Exercise brief -
Starting at the line that holds "5PCS Quality Merino", restate every line word for word up to and including the last one in the listing below, and omit all pictures.

[[ Records supplied, beginning ]]

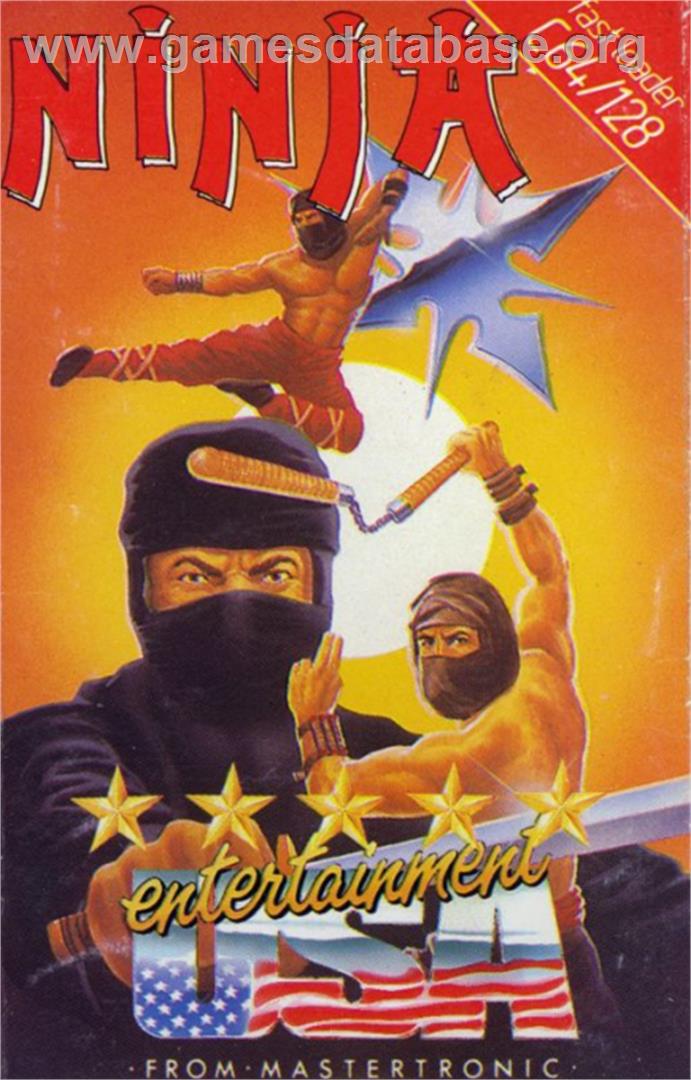 Ninja (Softgold) - Commodore 64 - Artwork - Box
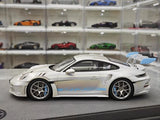 [Timothy Pierre] 1:18 Porsche 2023 911 GT3 RS Sonderwunsch シルバー モデルカー レジン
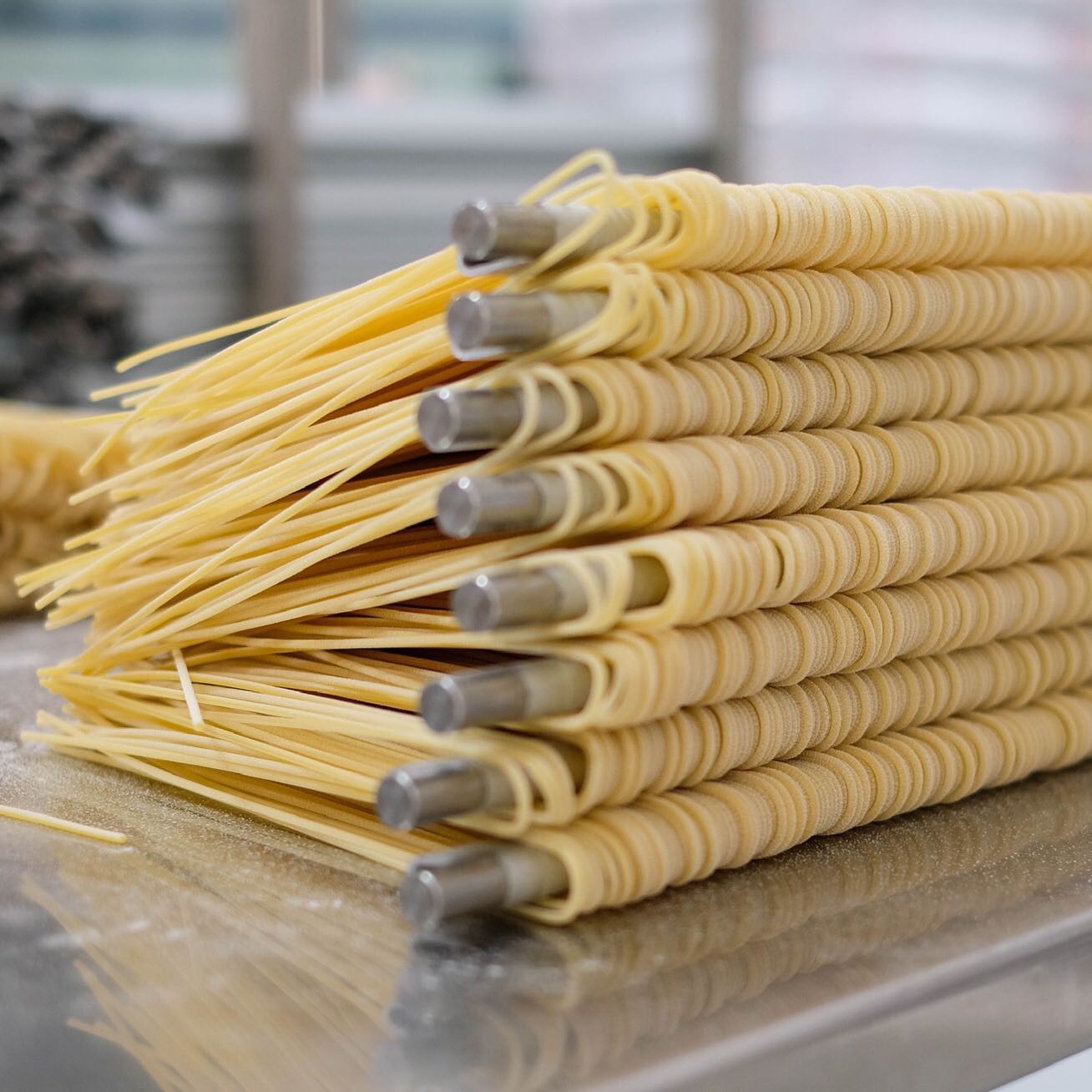 Marulo Artisan Bucatini | Homemade Italian Pasta Drying Process | Semolina Durum Homemade Pasta | WholesaleItalianFood.com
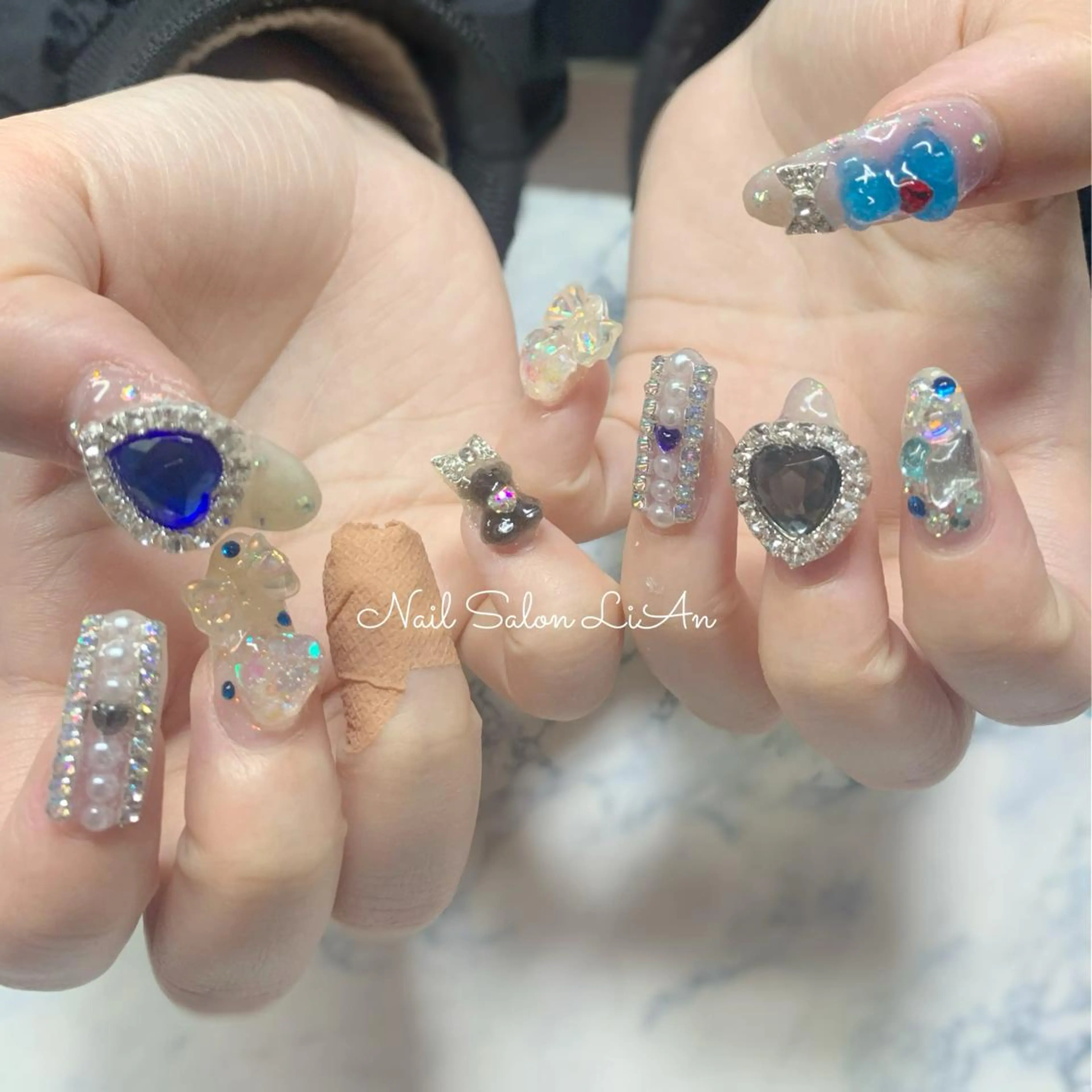 ネイル ハンドネイル NailSalon LiAnのネイルデザイン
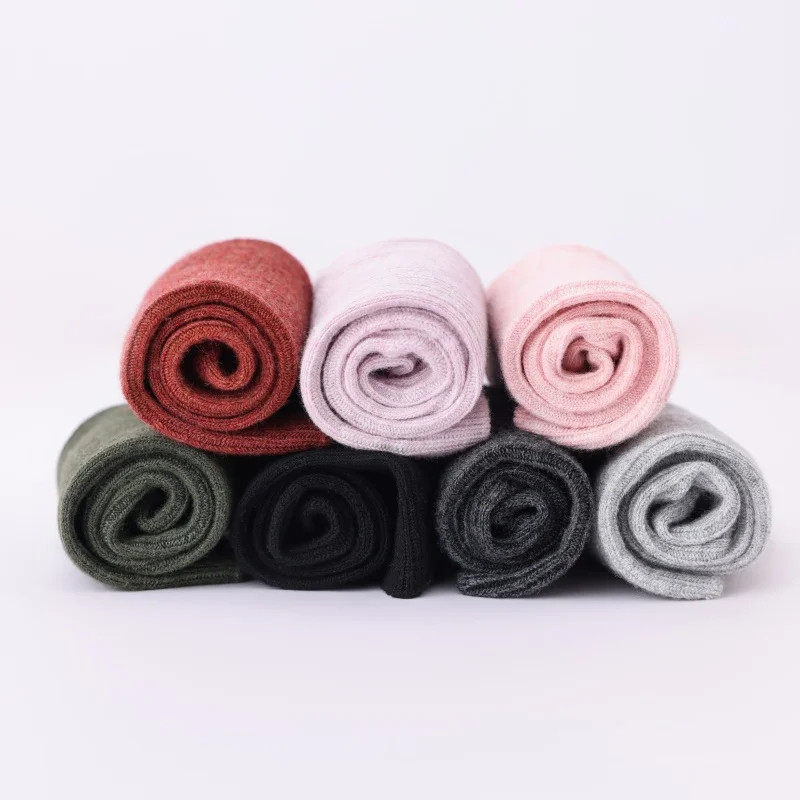 

5PCS Quality Merino Wool Socks Men Women Thicken Warm Hiking Cushion Crew Socks Cashmere Sports Socks Moisture Wicking Euro Size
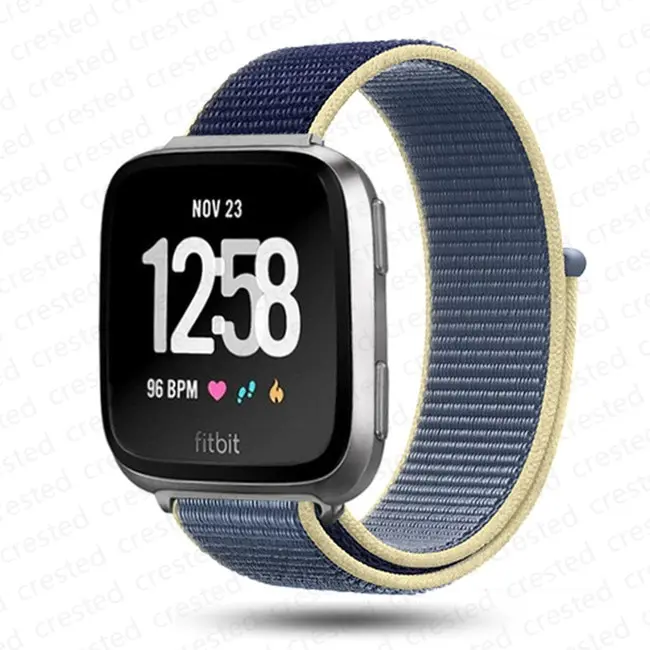 Breathable Nylon Loop Sport Band Bracelet - Adjustable Replacement Strap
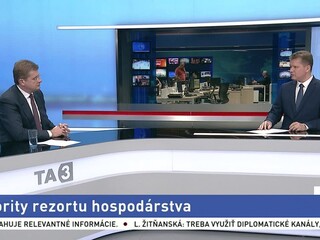 Priority hospodárstva / Riešenie kriminality v osadách
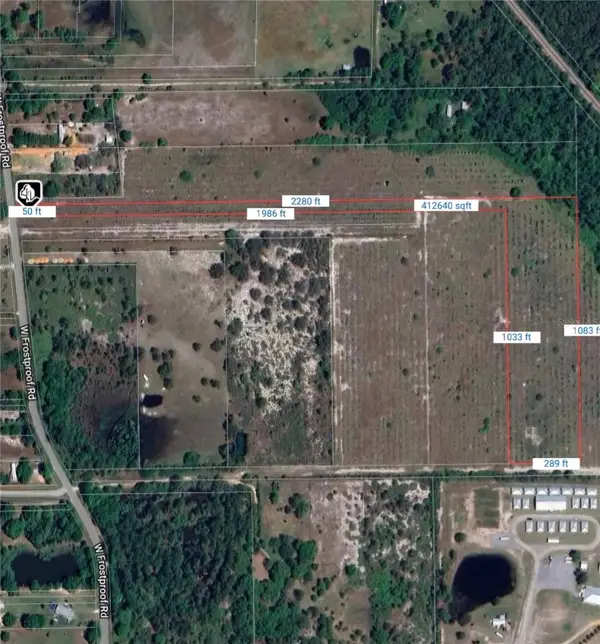 W Frostproof Road #Lot 11, FROSTPROOF, FL 33843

[[ Records supplied, end ]]

Answer area -
5PCS Quality Merino Wool Socks Men Women Thicken Warm Hiking Cushion Crew Socks Cashmere Sports Socks Moisture Wicking Euro Size
 Breathable Nylon Loop Sport Band Bracelet - Adjustable Replacement Strap
 Priority hospodárstva / Riešenie kriminality v osadách
 W Frostproof Road #Lot 11, FROSTPROOF, FL 33843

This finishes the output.